We term such collections of
problems slice models. Slice models
tend to be data-intensive and
time consuming to solve, due to the fact that every slice is generated
and solved independently. By incorporating
additional information in
the solution process, such as the common structure and shared data, we
are able to solve these models much more efficiently and are able to
process much larger real-world problems.
To demonstrate the slice
modeling approach, we apply it to cross-validation models concerned
with feature selection. In addition, we
apply the same approach to
parameter estimation in classification models using likelihood basis
pursuit.
Optimization
Issues for Huge Datasets and Long Computation
Michael C.
Ferris with Todd S. Munson, Qun Chen, Jeffrey Linderoth & Meta Voelker
Many
problems arising in data mining give rise to optimization models
that
are currently intractable due to memory or time restrictions.
Examples
from classification, feature selection, imaging, and treatment
planning
immediately spring to mind.
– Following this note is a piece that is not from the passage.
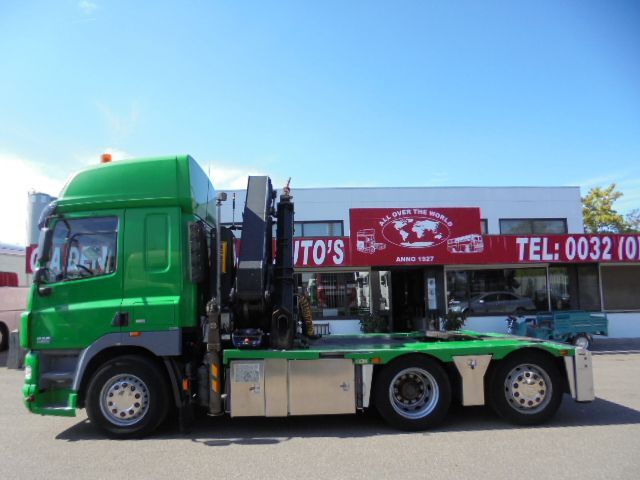 DAF CF 85.360 FTN 6X2 - Tractor unit: picture 2 DAF CF 85.360 FTN 6X2 - Tractor unit: picture 2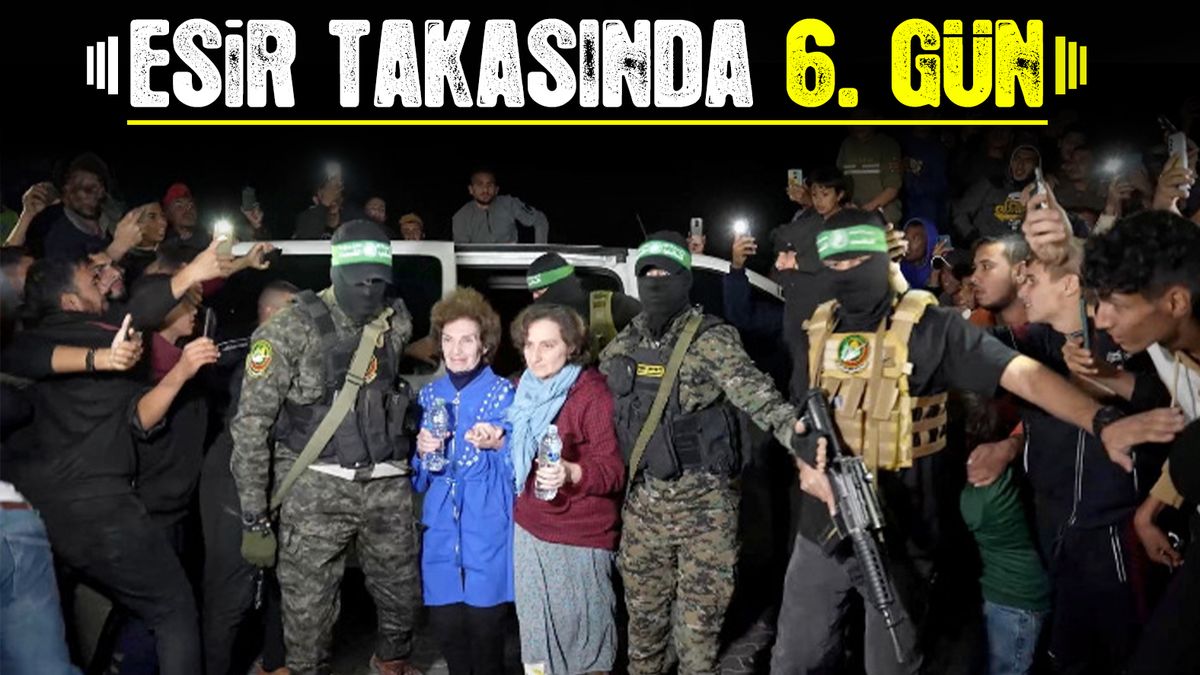srail-ile-hamas-aras-nda-6-nc-esir-takas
In this
talk, we will review
several
approaches that are being tested for such problems and outline
the
design of a simple toolkit that provides data miners with relevant
optimization
technology.
Three
key issues will be discussed in some detail:
- Out of core data handling
- Grid computation, including fault
tolerant computation and data sharing
- Structure exploitation
We will
describe some semismooth optimization approaches and the
FATCOP
optimization algorithm in the context of these three issues, illuminating
how
approaches for these problems can significantly improve computational
time,
accuracy and increase the size of datasets treated.